Depuis début mars, le Niger fait face à une pénurie d’essence inédite, affectant l’ensemble du pays, y compris la capitale Niamey. Les stations-service sont vides et les automobilistes peinent à trouver du carburant.
« Nos réservoirs sont à sec depuis trois jours. Personne ne sait quand nous serons réapprovisionnés », s’inquiète Mohamed, gérant d’une station-service.
Des scènes de Nigériens poussant leurs motos ou portant des bidons vides dans les rues sous une chaleur accablante sont devenues courantes. La rareté du carburant a ralenti les déplacements et perturbé les activités économiques essentielles.
Malgré sa production pétrolière, le Niger dépendait largement des importations de carburant en provenance du Nigeria, qui représentaient jusqu’à 50 % de la consommation nationale. Toutefois, cette source s’est tarie après que le président nigérian Bola Tinubu a mis fin aux subventions sur le carburant en 2023, multipliant les prix par trois et réduisant le trafic illégal vers le Niger.

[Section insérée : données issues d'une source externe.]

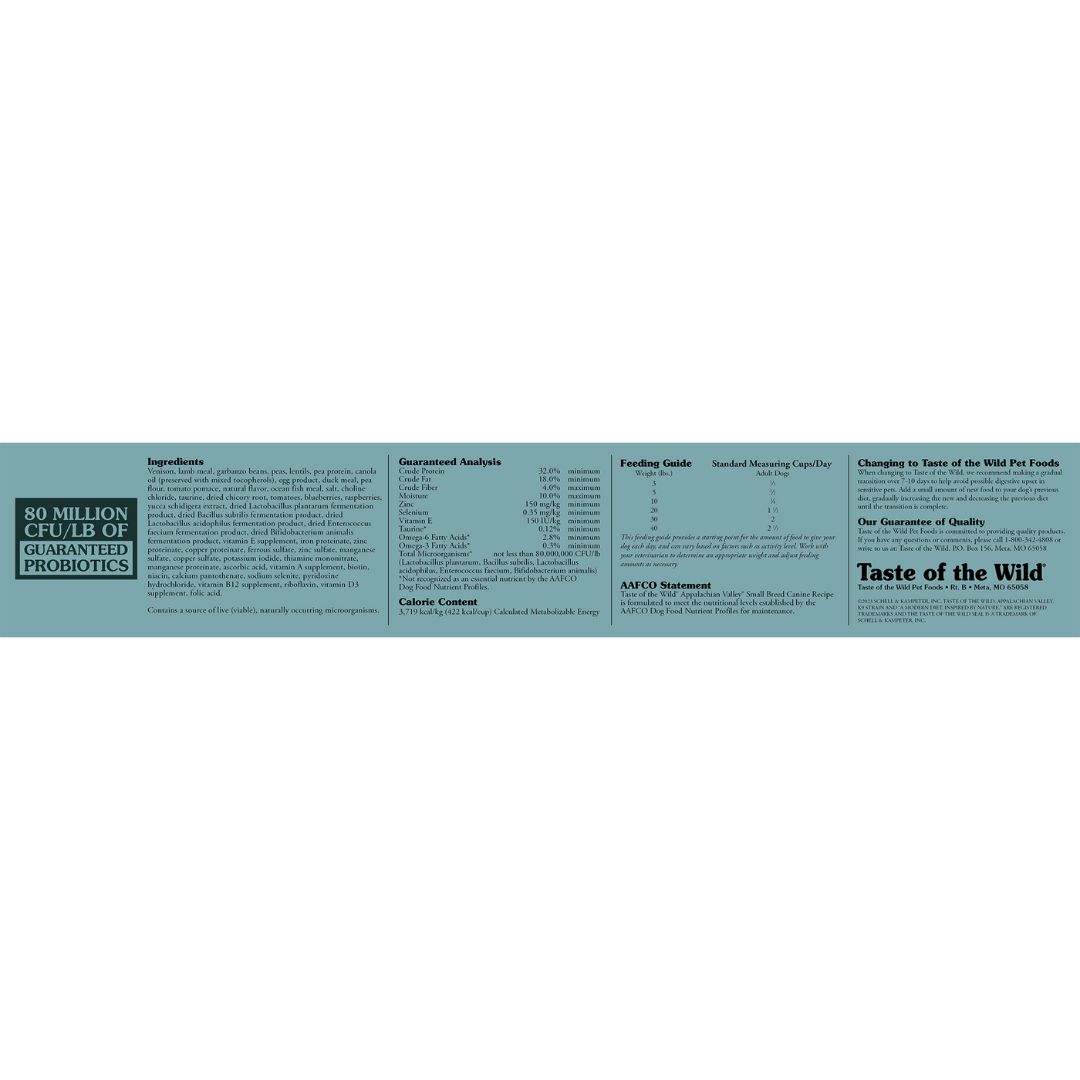 Taste of the Wild Dog 12.2kg Appalachian Valley Small Breed Dry Dog Food image 4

En parallèle, la raffinerie de Soraz à Zinder, la seule du pays, ne parvient pas à répondre à la demande intérieure croissante. Elle ne livre que 25 camions-citernes d’essence par jour à la Société nationale nigérienne des produits pétroliers (Sonidep), alors que les besoins quotidiens sont jusqu’à deux fois supérieurs.
Depuis un an, le Niger importe du carburant du Nigeria, mais cette solution ne suffit plus à combler le déficit.
Pour faire face à cette crise, la Sonidep annonce que des stocks de carburant disponibles au port de Lomé (Togo) seront acheminés vers Niamey sous escorte militaire. Le convoi devra traverser l’est du Burkina Faso, une zone instable en raison des attaques jihadistes.
Cette crise met en lumière les fragilités structurelles du marché de l’énergie nigérien, malgré les exportations de pétrole brut vers le Bénin via un oléoduc reliant Agadem au port de Seme-Kpodji. Ces exportations ont d’ailleurs été perturbées ces derniers mois par des tensions diplomatiques entre le régime militaire nigérien et Cotonou.
L’actuelle pénurie est aussi le résultat d’une hausse de la consommation provoquée par la baisse des prix du carburant décidée par la junte militaire au pouvoir depuis 2023. Cette décision, bien qu’ayant bénéficié aux ménages et aux entreprises, a exacerbé la pression sur les stocks.
Pour éviter que cette situation ne se répète, le Niger doit repenser son modèle d’approvisionnement en carburant. Cela pourrait passer par un renforcement des capacités de la raffinerie de Soraz, une négociation d’accords d’importation plus stables ou encore une meilleure gestion des exportations de pétrole brut afin d’assurer un approvisionnement régulier pour la consommation nationale.
En attendant, les Nigériens restent dans l’incertitude, espérant un réapprovisionnement rapide pour éviter une paralysie totale du pays.